Conclusions of Voynich Manuscript Analysis

2017-04-09

How I arrived at my conclusions

Visualizing data is extremely useful. To analyse the Voynich manuscript, I used principal component analysis, k-means clustering, and minimum spanning trees to extract useful data from a text which has baffled people, including NSA cryptographers, for over a century, and arrived at a conclusion I wasn't expecting and which many people, who have put much time and effort into their own theories, will be unhappy with: that the text of the Voynich Manuscript is probably meaningless, and appears to have been generated randomly using state transition diagrams. It disappointed me. I had been looking forward to identifing the language, doing the decipherment, and then (because my knowledge of the languages used in the early 15th Century is limited) passing it on to someone else to translate.

The Principal Component Analysis of the Voynich Manuscript Pages initially hinted that the text was meaningful, as similar page types tended to cluster together. I started to become suspicious after working on The Principal Component Analysis of the Voynich Manuscript Words, in which I found that certain words clustered together simply because they occurred frequently on certain pages, but in no particular order. Some of the words which clustered merely had the same suffix. This would be like one or two chapter in a book having significantly more words ending in "ing". I haven't noticed any word order and as far as I know, nobody else has, either.

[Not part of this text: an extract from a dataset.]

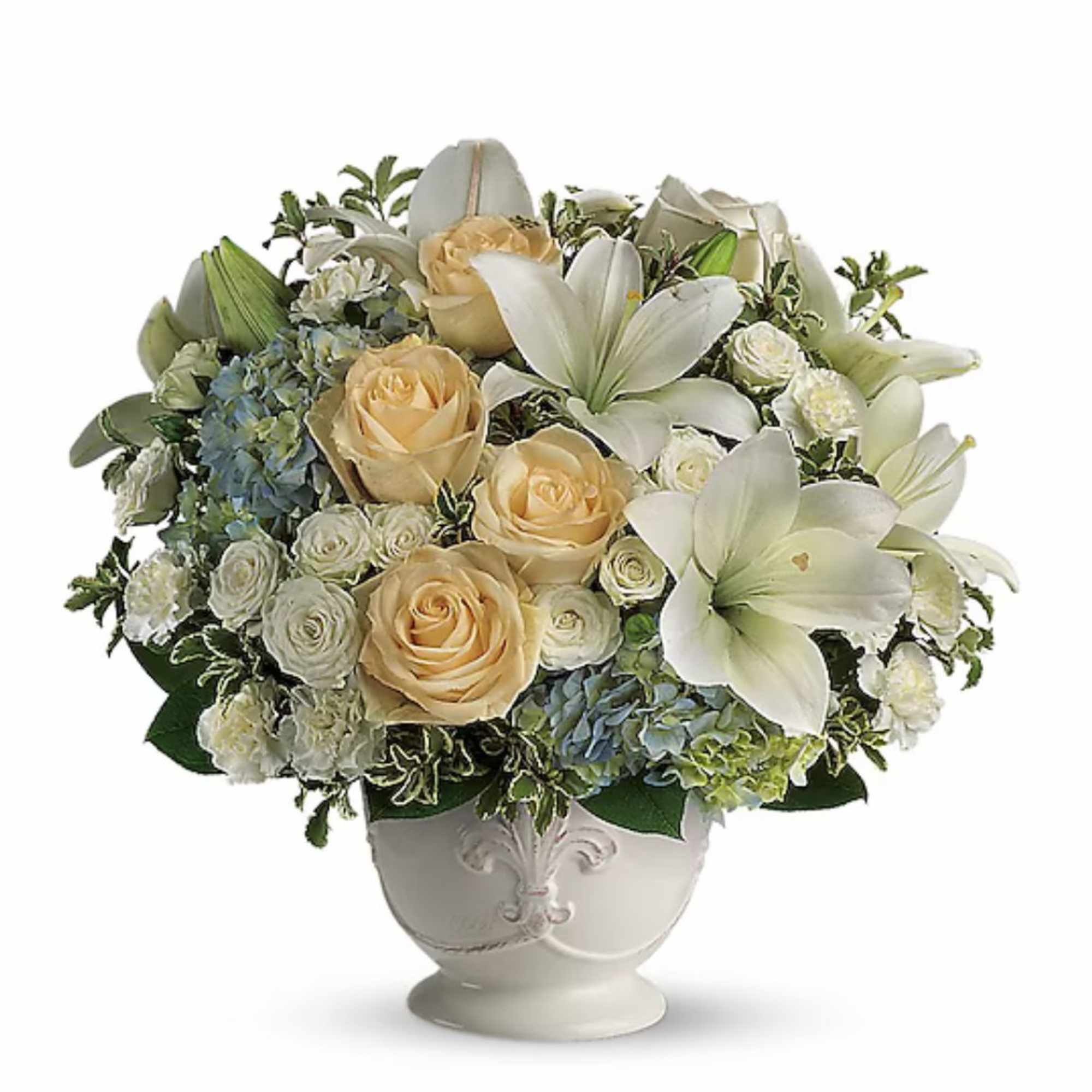 Round arrangement of cream roses, white lilies, and blue hydrangeas in a white ceramic urn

Other researchers have noticed similar patterns. Prescott Currier spotted that certain words, and certain suffixes, were common on some pages and rare on others (Papers on the Voynich Manuscript). Marcelo A. Montemurro and Damián H. Zanette reported in Keywords and Co-Occurrence Patterns in the Voynich Manuscript: An Information-Theoretic Analysis that certain words occur together across the text (see their Figure 2), which corresponds to my results in A Principal Component Analysis of the Voynich Manuscript Words. Their Figure 4 on linguistic and pictorial relationships between the sections of the Voynich manuscript corresponds to my results in A Principal Component Analysis of the Voynich Manuscript Pages. Only by investigating this further did I show that these results are also consistent with randomly generated text.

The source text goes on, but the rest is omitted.